When using sodium chlorite there are many things to consider. The top 3 include
pH is important not only to the chemical solution you mix up but also needs to be considered for the environment you are introducing the chemicals into. Sodium chlorite is alkaline. When you mix up a dose of Miracle-Mineral-Supplement you end up with an acid.
This is where the environment comes into play. You want to use sodium chlorite in your sinus area. Is your mucous alkaline, acid, or neutral? Also is your current pH the same as a "normal" pH. If your normal nasal mucous is alkaline and has turned acid while fighting an infection, that is important to consider.
This information also helps to figure out if the situation can be addressed by simply using sodium chlorite or if you need to acidify it to stabilize it in the presence of acids.
The next consideration is concentration. When using chemicals you want to use enough to take care of the problem but also want to minimize your chemical exposure. You also need to look at what you can do prior to using chemicals to minimize the amount of chemicals needed.
Water treatment is a good example of this. Filtering and treatment is done prior to disinfecting. By doing that a minimum amount of chemicals are needed to do the disinfection.
The next step in this process is to determine what concentration of chemical is needed to to kill off the pathogen. If you have a concern with staphylococcus aureus for example, you can look up what concentration is needed and find that if you expose the pathogen to a concentration of 30 PPM for 60 seconds you can expect to kill 99.999% of that bacteria. If you are using Miracle-Mineral-Supplement to deal with this bacteria you need quite a bit of dilution. Miracle-Mineral-Supplement starts with 224000 PPM and you need is 30 PPM so dilution is needed.
The next step has to do with the delivery method. Chlorite and chlorine dioxide work when they come into contact with what they are trying to kill. If you don't make contact, they don't work.
This makes the disinfection of a cutting board or counter easy but makes it much more difficult to deal with complex situations like the body. Look at it this way. If you draw a bucket of water from a stream and you want to drink the water, it is reasonable easy to disinfect the water in the bucket. But if you tried to disinfect the rain that was falling that eventually made it to the stream there are too many opportunities for the chemicals to be used up or re-infection to occur to give you any assurance that the water in the bucket has been disinfected.
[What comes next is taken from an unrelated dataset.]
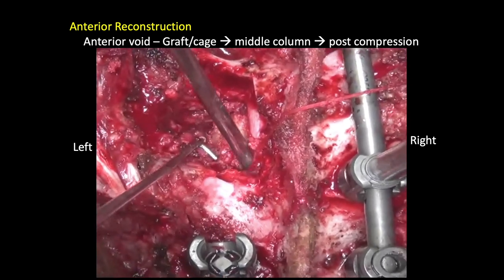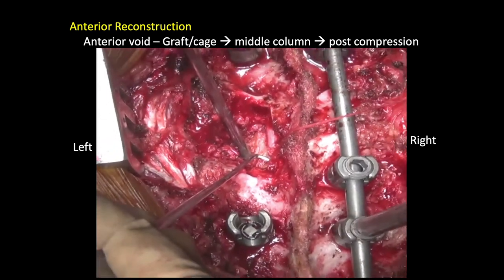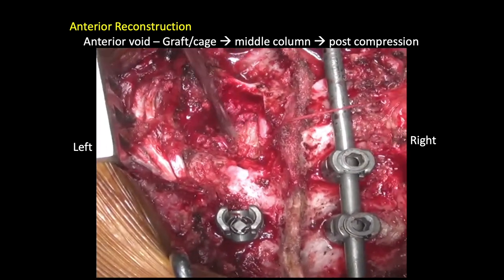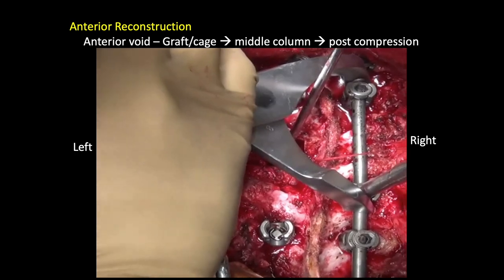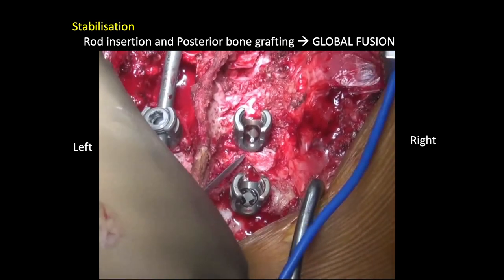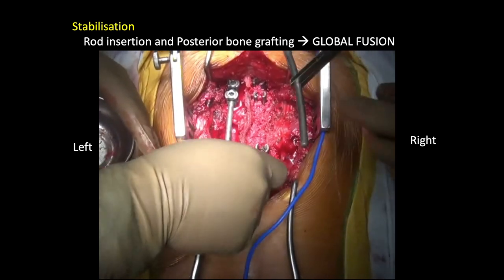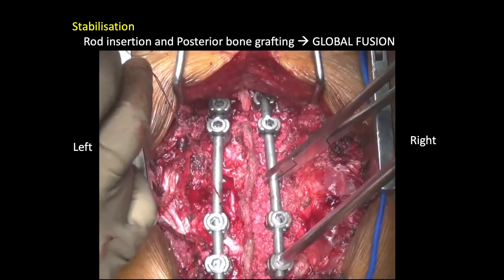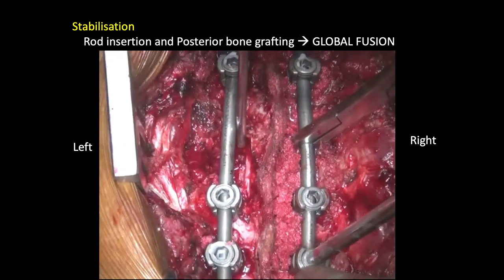An important step here: make sure that the cord is absolutely free. There should be a sufficient space of around 2-4 mm between the graft and the cord, and then you can compress the column from the posterior side, again making sure that the cord is not kinked. Both rods are then rechecked, tightened, and compressed adequately, and the decompression is confirmed along with the reconstruction.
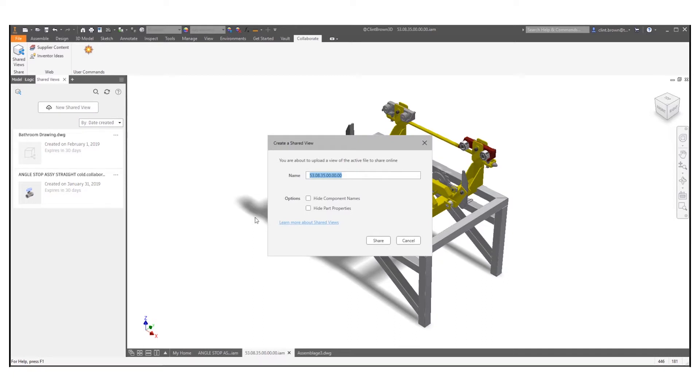I'm going to click create new shared view. You can give it a name that's different to the current assembly or part name and you have options to hide component names or part properties.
To get back to your original question salt has little effect on sodium chlorite and if you add 0.3 ml of MMS to 1 liter of water, add your salt, then add enough acid to bring the pH of the solution back to neutral (with my tap water this requires about 0.5 ml of 10% citric acid , if you use distilled water you don't need to add any acid) you will have a great starting place to build from. You will end up with a pH neutral saline solution with about 60 PPM available chlorine dioxide.